Thread cannot allocate new log, sequence 浅析

程序员文章站 2022-07-05 11:04:45

有时候，你会在ORACLE数据库的告警日志中发现“Thread cannot allocate new log, sequence Checkpoint not complete”这类告警。具体案例如下所示： Thread 1 cannot allocate new log, sequence 27... ......

有时候，你会在oracle数据库的告警日志中发现“thread <number> cannot allocate new log, sequence <number> checkpoint not complete”这类告警。具体案例如下所示：

thread 1 cannot allocate new log, sequence 279334

checkpoint not complete

current log# 4 seq# 279333 mem# 0: /u01/oradata/gsp/redo04.log

current log# 4 seq# 279333 mem# 1: /u03/oradata/gsp/redo04.log

当然thread或sequence的数值可能有所不同，基本上是类似下面这样的告警信息

thread <number> cannot allocate new log, sequence <number>

checkpoint not complete

也有可能是因为在等待重做日志的归档，出现的是下面这类告警信息

oracle instance <name> - can not allocate log, archival required

thread <number> cannot allocate new log, sequence <number>

那么出现这类告警的具体原因是什么呢？
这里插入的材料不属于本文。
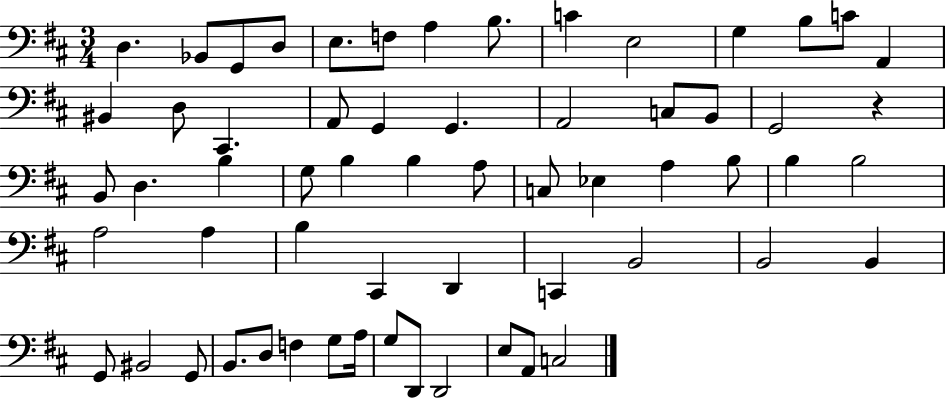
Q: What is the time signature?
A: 3/4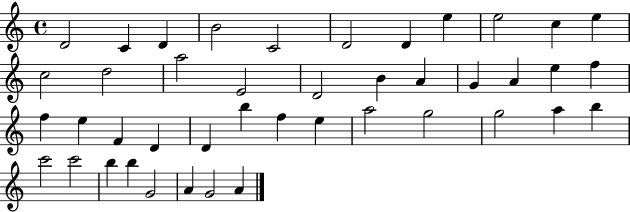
{
  \clef treble
  \time 4/4
  \defaultTimeSignature
  \key c \major
  d'2 c'4 d'4 | b'2 c'2 | d'2 d'4 e''4 | e''2 c''4 e''4 | \break c''2 d''2 | a''2 e'2 | d'2 b'4 a'4 | g'4 a'4 e''4 f''4 | \break f''4 e''4 f'4 d'4 | d'4 b''4 f''4 e''4 | a''2 g''2 | g''2 a''4 b''4 | \break c'''2 c'''2 | b''4 b''4 g'2 | a'4 g'2 a'4 | \bar "|."
}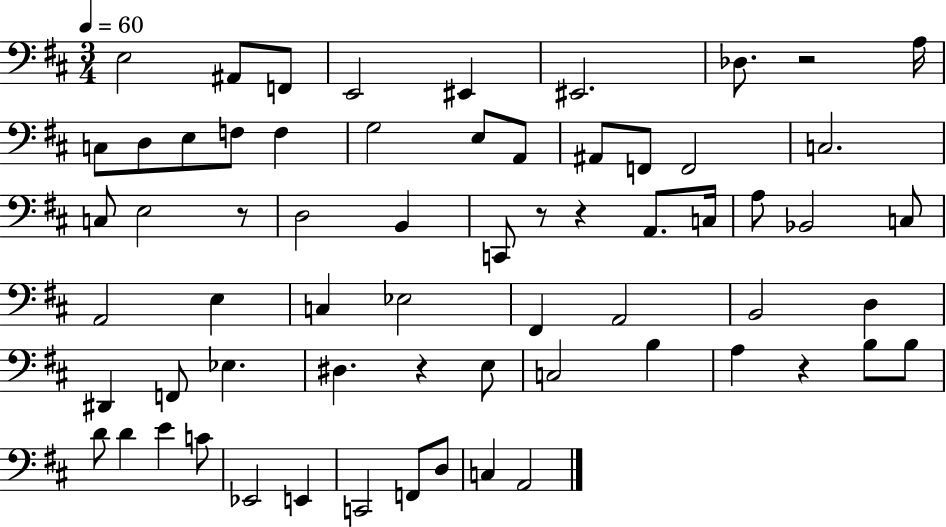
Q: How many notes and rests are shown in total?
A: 65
以及要如何去解决这个问题呢？

原因分析：

通常来说是因为重做日志（redo log）在写满后就会切换日志组，这个时候就会触发一次检查点事件（checkpoint），检查点（checkpoint）激活时会触发数据库写进程(dbwr)，将数据缓冲区里的脏数据块写回到磁盘的数据文件中，只要这个脏数据写回磁盘事件没结束，那么数据库就不会释放这个日志组。在归档模式下，还会伴随着arch进程将重做日志进行归档的过程。如果重做日志（redo log）产生的过快，当cpk或归档还没完成，lgwr已经把其余的日志组写满，又要往当前的日志组里面写redo log的时候，这个时候就会发生冲突，数据库就会被挂起。并且一直会往alert.log中写类似上面的错误信息。
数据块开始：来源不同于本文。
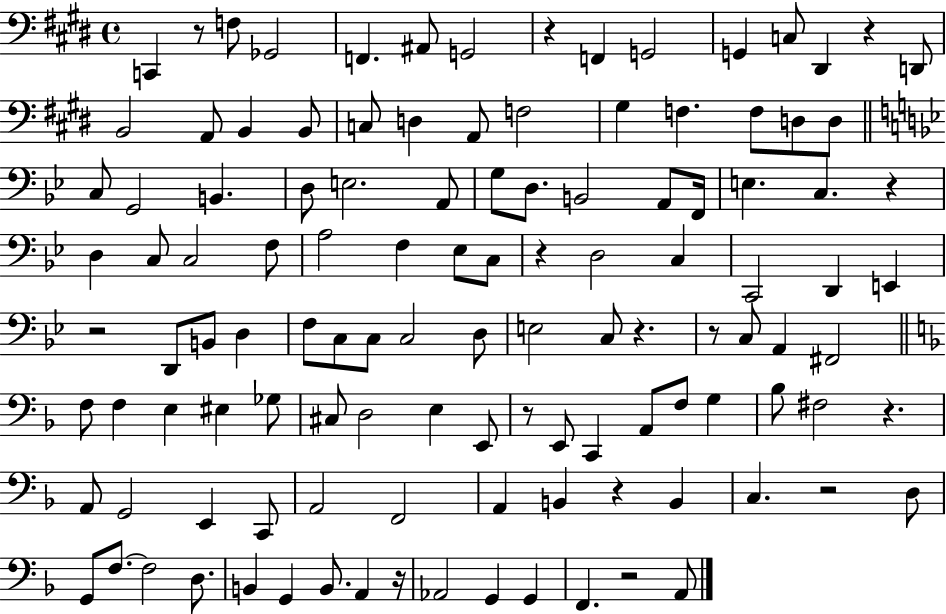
{
  \clef bass
  \time 4/4
  \defaultTimeSignature
  \key e \major
  c,4 r8 f8 ges,2 | f,4. ais,8 g,2 | r4 f,4 g,2 | g,4 c8 dis,4 r4 d,8 | \break b,2 a,8 b,4 b,8 | c8 d4 a,8 f2 | gis4 f4. f8 d8 d8 | \bar "||" \break \key g \minor c8 g,2 b,4. | d8 e2. a,8 | g8 d8. b,2 a,8 f,16 | e4. c4. r4 | \break d4 c8 c2 f8 | a2 f4 ees8 c8 | r4 d2 c4 | c,2 d,4 e,4 | \break r2 d,8 b,8 d4 | f8 c8 c8 c2 d8 | e2 c8 r4. | r8 c8 a,4 fis,2 | \break \bar "||" \break \key d \minor f8 f4 e4 eis4 ges8 | cis8 d2 e4 e,8 | r8 e,8 c,4 a,8 f8 g4 | bes8 fis2 r4. | \break a,8 g,2 e,4 c,8 | a,2 f,2 | a,4 b,4 r4 b,4 | c4. r2 d8 | \break g,8 f8.~~ f2 d8. | b,4 g,4 b,8. a,4 r16 | aes,2 g,4 g,4 | f,4. r2 a,8 | \break \bar "|."
}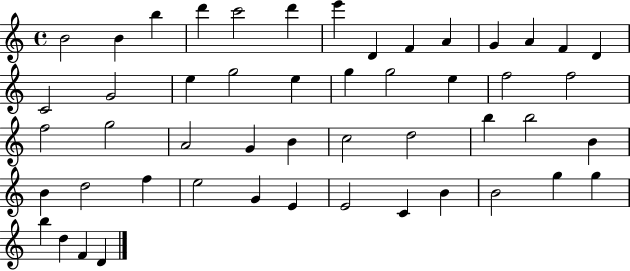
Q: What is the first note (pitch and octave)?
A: B4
另外，重做日志在不同业务时段的切换频率不一样，所以出现这个错误，一般是业务繁忙或者出现大量dml操作的时候。

解决方法：

1：增大redo log file的大小

增大redo log file的大小容易操作，但是redo log file设置为多大才是合理的呢？

1：参考v$instance_recovery中optimal_logfile_size字段值，但是这个字段有可能为null值，除非你调整fast_start_mttr_target参数的值大于0

redo log file size (in megabytes) that is considered optimal based on the current setting of fast_start_mttr_target. it is recommended that the user configure all online redo logs to be at least this value.

官方文档的建议如下：

you can use the v$instance_recovery view column optimal_logfile_size to determine the size of your online redo logs. this field shows the redo log file size in megabytes that is considered optimal based on the current setting of fast_start_mttr_target. if this field consistently shows a value greater than the size of your smallest online log, then you should configure all your online logs to be at least this size.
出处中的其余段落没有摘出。